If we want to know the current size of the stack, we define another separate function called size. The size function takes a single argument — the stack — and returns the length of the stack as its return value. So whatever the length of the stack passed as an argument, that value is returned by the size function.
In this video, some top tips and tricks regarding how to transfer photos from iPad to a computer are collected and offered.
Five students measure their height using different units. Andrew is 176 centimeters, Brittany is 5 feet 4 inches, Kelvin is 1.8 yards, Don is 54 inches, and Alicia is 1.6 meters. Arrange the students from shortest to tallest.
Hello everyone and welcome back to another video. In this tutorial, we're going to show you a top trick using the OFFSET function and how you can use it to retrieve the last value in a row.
--- --- ---
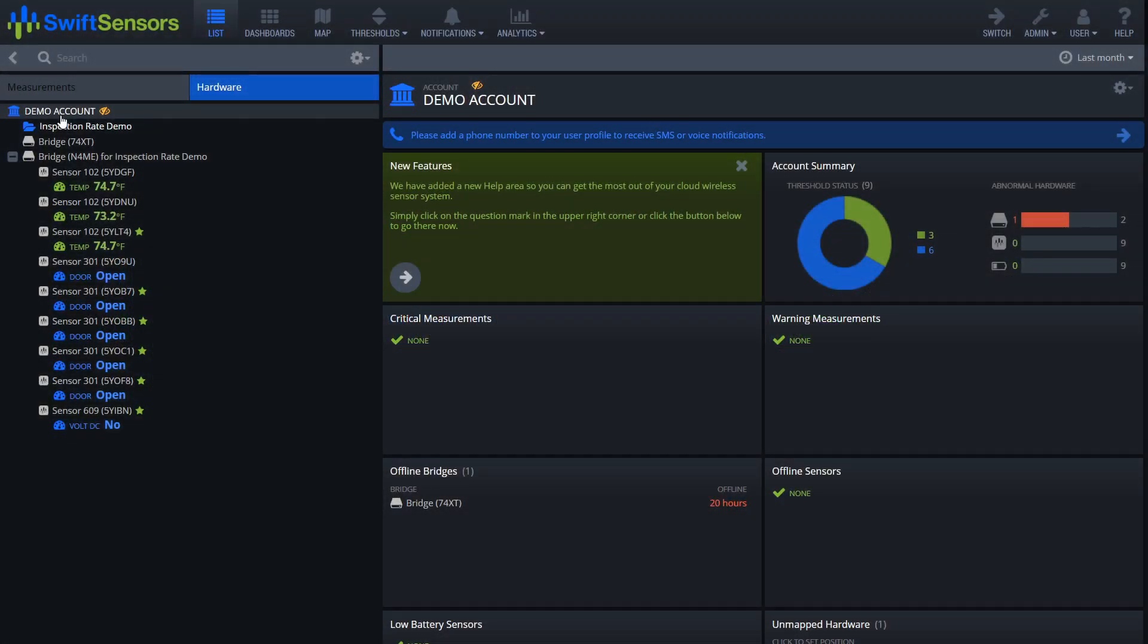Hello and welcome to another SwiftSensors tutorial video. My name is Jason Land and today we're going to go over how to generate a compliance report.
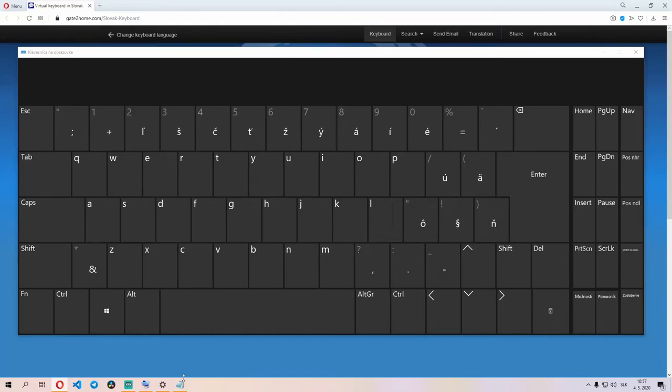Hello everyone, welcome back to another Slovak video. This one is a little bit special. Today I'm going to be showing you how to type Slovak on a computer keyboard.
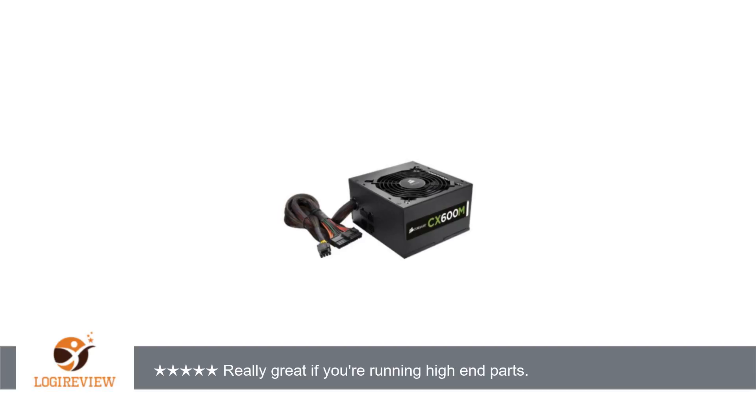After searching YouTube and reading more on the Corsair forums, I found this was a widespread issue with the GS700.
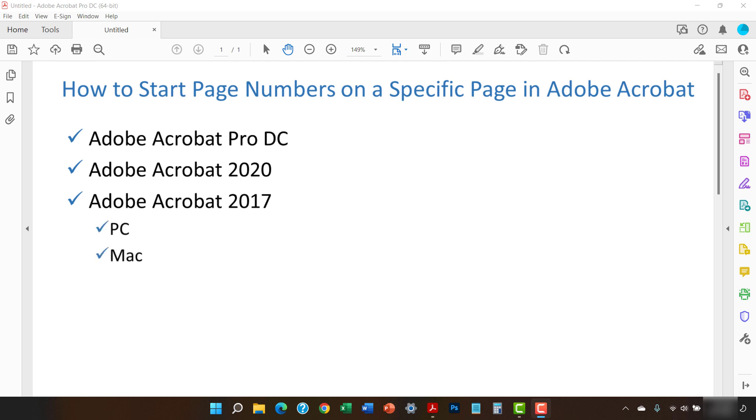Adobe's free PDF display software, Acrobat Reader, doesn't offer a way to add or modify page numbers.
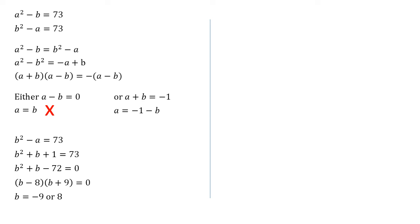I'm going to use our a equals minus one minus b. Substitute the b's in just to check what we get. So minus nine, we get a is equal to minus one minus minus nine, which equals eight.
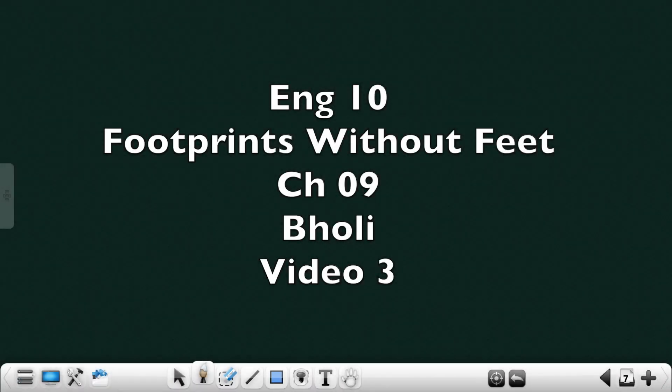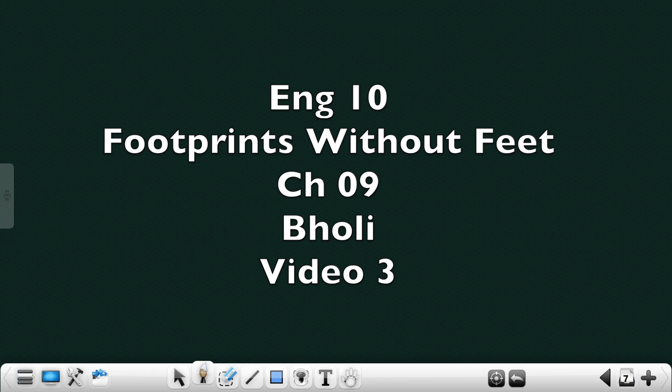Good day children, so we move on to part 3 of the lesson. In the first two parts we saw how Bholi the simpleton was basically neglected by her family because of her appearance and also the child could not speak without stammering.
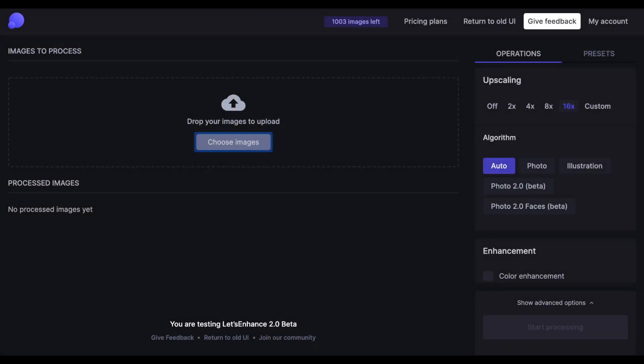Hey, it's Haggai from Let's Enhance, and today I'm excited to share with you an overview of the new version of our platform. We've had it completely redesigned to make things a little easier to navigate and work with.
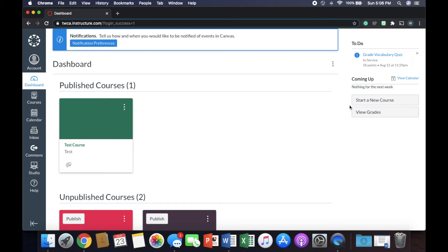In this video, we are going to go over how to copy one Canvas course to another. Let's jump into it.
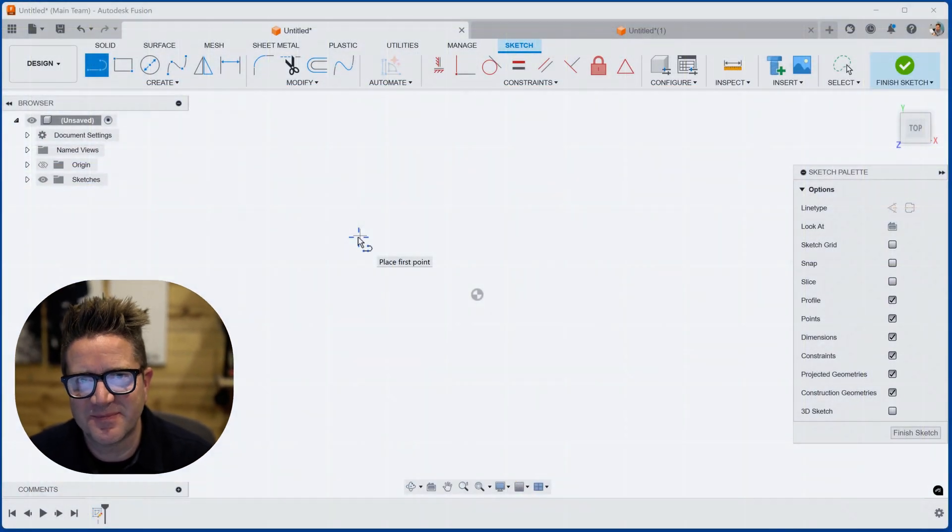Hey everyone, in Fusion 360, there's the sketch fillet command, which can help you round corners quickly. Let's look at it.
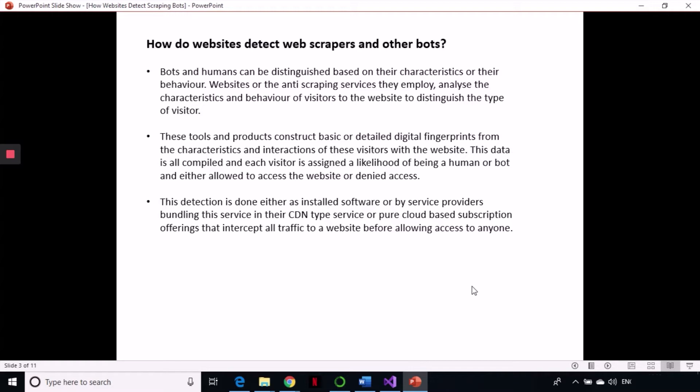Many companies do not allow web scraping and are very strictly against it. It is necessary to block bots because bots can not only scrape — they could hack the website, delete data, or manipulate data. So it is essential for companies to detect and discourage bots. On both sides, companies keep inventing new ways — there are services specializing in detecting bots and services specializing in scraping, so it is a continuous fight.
--- --- ---
- _TASK DETAILS_
Out of the data above, set down the lines from the one with "If we want to" to the one with "Hello everyone and", both included, exactly as written and with no additions.

- _RESPONSE TO THE TASK_
If we want to know the current size of the stack, we define another separate function called size. The size function takes a single argument — the stack — and returns the length of the stack as its return value. So whatever the length of the stack passed as an argument, that value is returned by the size function.
In this video, some top tips and tricks regarding how to transfer photos from iPad to a computer are collected and offered.
Five students measure their height using different units. Andrew is 176 centimeters, Brittany is 5 feet 4 inches, Kelvin is 1.8 yards, Don is 54 inches, and Alicia is 1.6 meters. Arrange the students from shortest to tallest.
Hello everyone and welcome back to another video. In this tutorial, we're going to show you a top trick using the OFFSET function and how you can use it to retrieve the last value in a row.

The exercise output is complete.